Saturday, May 28, 2005

To Live is to Doubt

Last Saturday afternoon I tried, without much success, to get tickets to see Doubt. Unfortunately, all they had left were partial-view seats. I decided instead to go across the street to the Longacre and attend the matinee of Who's Afraid of Virginia Woolf? from a full-view seat. On the strength of its multiple Tony nominations Doubt has been doing bang-up business at the box office. These days, arriving at the box office a few hours before curtain will not guarantee that you will get in. (It might be a first that on the same street, right across from one another, two plays are running where the entire cast of each production is nominated for the Tonys). Doubt is a hit, and I decided to go back to the Martin Beck after work yesterday and try my luck and see what tickets they had available for the next day. Wouldn't you know it: they had front row center seats for the Saturday matinee. I scooped up that ticket up so fast! I've never gotten a front row seat to a show before. At my first Broadway show I came pretty close -- fourth row on the aisle to see Christopher Plummer's Tony award performance in the musical Cyrano. No wonder I've been hooked on theater ever since.

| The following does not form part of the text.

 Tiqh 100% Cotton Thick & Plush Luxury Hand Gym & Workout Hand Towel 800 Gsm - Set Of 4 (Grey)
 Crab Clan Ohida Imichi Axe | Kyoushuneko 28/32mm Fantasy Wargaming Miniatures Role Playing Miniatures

Watching Doubt from the front row is an experience that absorbs you even closer inside the actor's playing area. You can't get over the incredible proximity and all that goes with it: cinematic closeups, pores, wrinkles, lint on black costumes, flying saliva that could spray you, the natural tones of the unmiked voice, and, because of the lack of an audience in front of you, the incredibly privileged certainty that this play is being performed only for you. And, of course, there are the magical moments that can only happen when you sit this close. I don't think that I will ever forget the scene between Father Flynn and Sister James as they sat on a bench, their emotions exposed and raw. Heather Goldenhersh, giving the performance of a lifetime in the role of Sister James, breaks down and cries, her hand going up to cover her face. When she lowers her hand again, a single solitary real tear slowly rolled down her right check, followed by another from her left eye. It was one of the most magical moments I have ever experienced in the theater. It left me with much admiration for this new star, (this play marks her Broadway debut) and I hope that next Sunday Tony puts out the welcome mat for her.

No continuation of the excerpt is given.